Data preprocessing is an important step in data analysis process. The objective of this step is to make the data ready for the further statistical analysis. In order to effectively carry out data preprocessing steps in R, packages like readr (‘Get’ the data), dplyr (‘Understand’), tidyr (‘Manipulate’), outliers (‘Scan’) and many more are used.

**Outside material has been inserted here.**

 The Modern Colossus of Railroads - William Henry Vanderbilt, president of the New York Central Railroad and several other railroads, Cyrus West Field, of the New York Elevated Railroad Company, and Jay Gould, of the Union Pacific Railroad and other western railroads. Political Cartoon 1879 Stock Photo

# Setting working directory
getwd()
## [1] "/Users/Harsh/Downloads"
setwd("~/Desktop/Week 2")
#Loading packages
library(readr)
library(tidyr)
library(dplyr)
##
## Attaching package: 'dplyr'
## The following objects are masked from 'package:stats':
##
## filter, lag
## The following objects are masked from 'package:base':
##
## intersect, setdiff, setequal, union
library(ggplot2)
library(knitr)
library(outliers)
The dataset, “final”, is a combination of 3 datasets, inducing State-wise Budget Variance of USA for the year 2017-18. The resultant dataset has 50 observations (States) across 12 variables defining different components of current account. The preprocessing was carried with the aim to perform “Budget Variance analysis” which is the analysis of deviation of the Actual Budget from Estimated one. A government budget is a document prepared by the government or other political entity presenting its anticipated revenues and proposed spending for the coming financial year. The analysis aids the government to effectively plan future income and expenses based on the past trends. In order to perform Budget Variance analysis, we have merged the three datasets of Budget, Tax Revenue and Debt of States of USA obtained from kaggle.com. We have applied the necessary data type conversions - like factorising Credit Rating using factor() function, converting Total State Debt, Gross Collections into numeric using as.numeric() - and transformation methods(log transformation) to effectively manipulate data for further statistical analysis. Thus, through primary variables, we have calculated new parameters, using tidy functions like mutate() for states like Budget Balance, Budget Deficit etc. to calculate variances. We have used boxplot to detect the existence of outliers in one of the variables of the resultant dataset using outlier package and eliminated them by omission. To prepare the data for analysis, we have finally applied data transformation using mathematical operations like converting the distribution of “Total State Debt” variable into log distribution to normalise it.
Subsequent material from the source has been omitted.